C/1847 T1 (Mitchell)

Discovery
- Discovered by: Maria Mitchell
- Discovery site: Nantucket, Massachusetts
- Discovery date: 1 October 1847

Designations
- Alternative designations: Miss Mitchell's Comet 1847 VI

Orbital characteristics
- Epoch: 26 October 1847 (JD 2395960.5)
- Observation arc: 74 days
- Number of observations: 77
- Perihelion: 0.329 au
- Eccentricity: 1.000172
- Inclination: 108.13°
- Longitude of ascending node: 192.967°
- Argument of periapsis: 276.609°
- Last perihelion: 14 November 1847

= C/1847 T1 (Mitchell) =

Hyperbolic comet

Miss Mitchell's Comet, formally designated as C/1847 T1, is a non-periodic comet that American astronomer Maria Mitchell discovered in 1847.

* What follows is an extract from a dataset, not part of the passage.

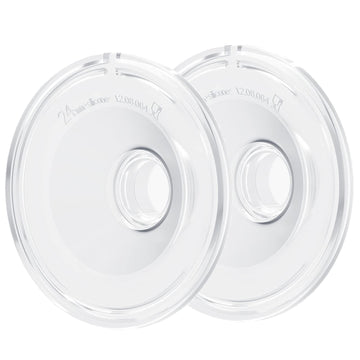 Bwcece Breast Pump Flange 24Mm Compatible With S9/S9 Pro/S12/S12 Pro Wearable Breast Pump Accessories.Shield/Flange Insert Repla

The discovery was initially credited to Francesco de Vico. Vico, observing from Rome, was the first to report the comet's discovery in Europe. However, Mitchell observed the comet two days before Vico did, so she became recognized as the comet's discoverer.

The comet had a weakly hyperbolic orbit solution while inside the planetary region of the Solar System. An orbit solution when the comet is outside of the planetary region shows that the comet is bound to the Sun.